About this task – Starting at the line that contains "Полиция разоблачила сеть", copy every line to the end of the material below exactly, and omit the pictures.

Exercise data –
::::

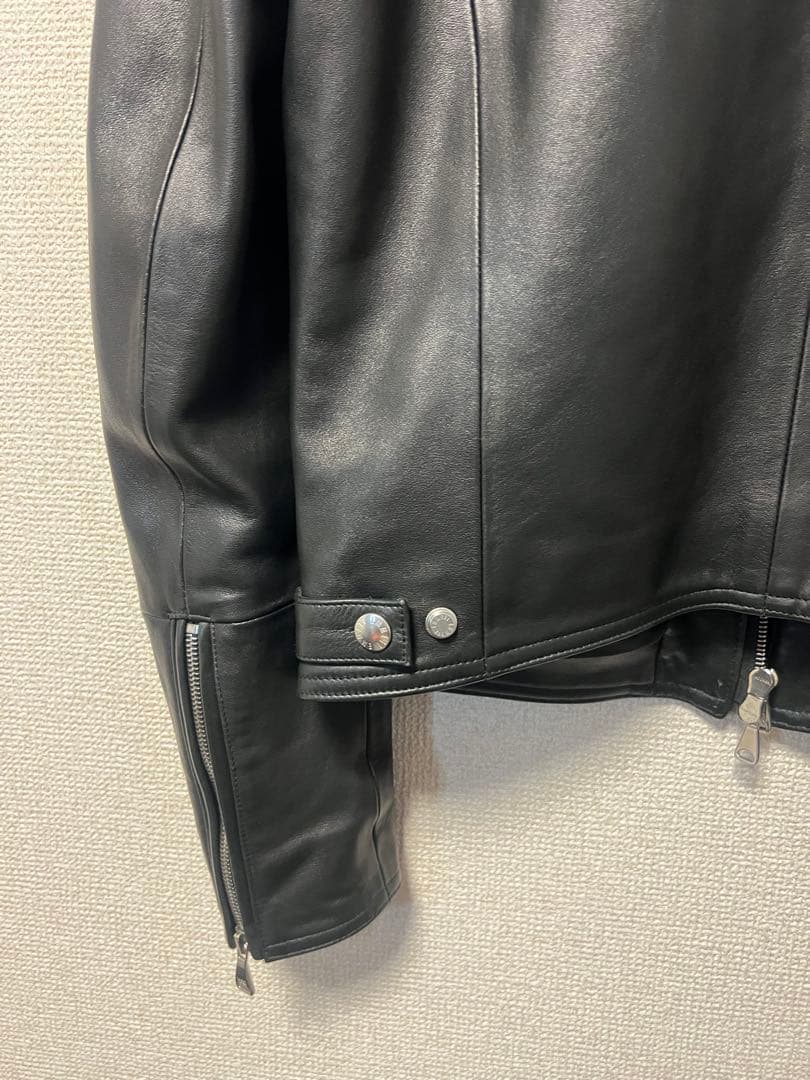 美品　EMMETI H UOMO ブラック　44 エンメティ　アッカ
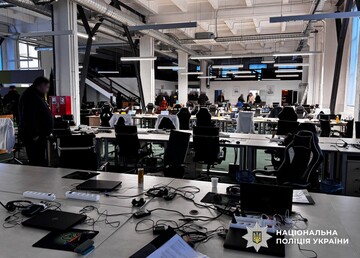 Полиция разоблачила сеть call-центров, которая могла обмануть граждан ЕС на 50 млн грн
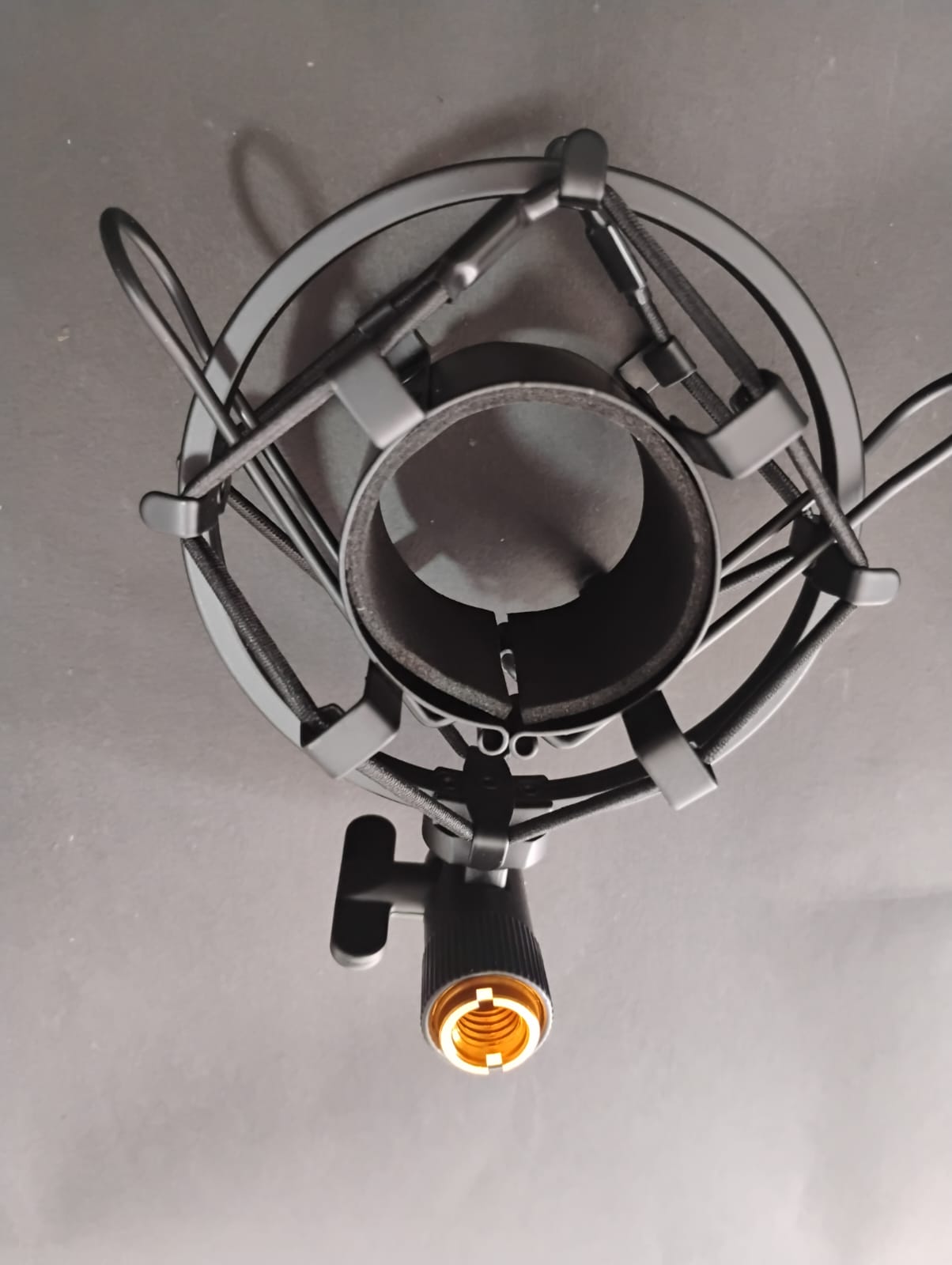 KIT MICRÓFONO CONDENSADOR BM-700 CON MALETÍN DE ALUMINIO Y TRIPODE 🎤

::::

Result –
 Полиция разоблачила сеть call-центров, которая могла обмануть граждан ЕС на 50 млн грн
 KIT MICRÓFONO CONDENSADOR BM-700 CON MALETÍN DE ALUMINIO Y TRIPODE 🎤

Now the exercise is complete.